--- RAW DATA ---

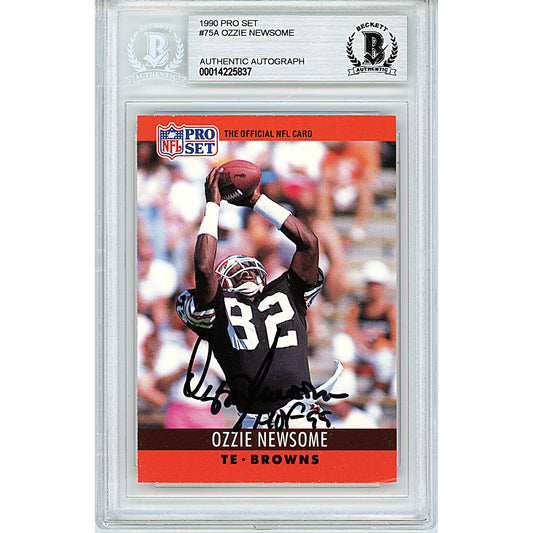 Ozzie Newsome Signed Cleveland Browns 1990 NFL Pro Set Football Card Beckett Slab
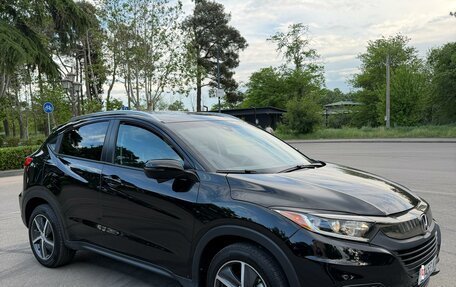Honda HR-V II, 2022 год, 2 000 000 рублей, 2 фотография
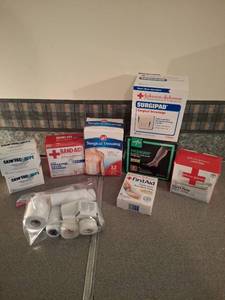 lot 1445 image: Johnson & Johnson First Aid Supplies Lot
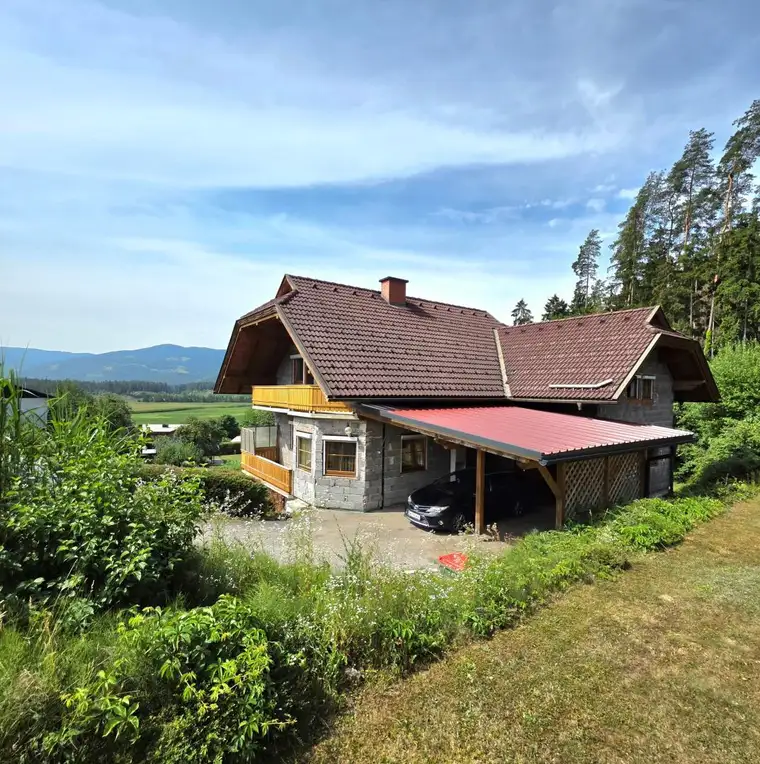 Großes Haus in ruhiger Lage!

---

> **ACTION ITEM**:
The final stretch of the data, from the line with "lot 1445 image: Johnson" through its last line, is to be retyped exactly; pictures are not part of the copy.

> **FINAL ANSWER**:
 lot 1445 image: Johnson & Johnson First Aid Supplies Lot
 Großes Haus in ruhiger Lage!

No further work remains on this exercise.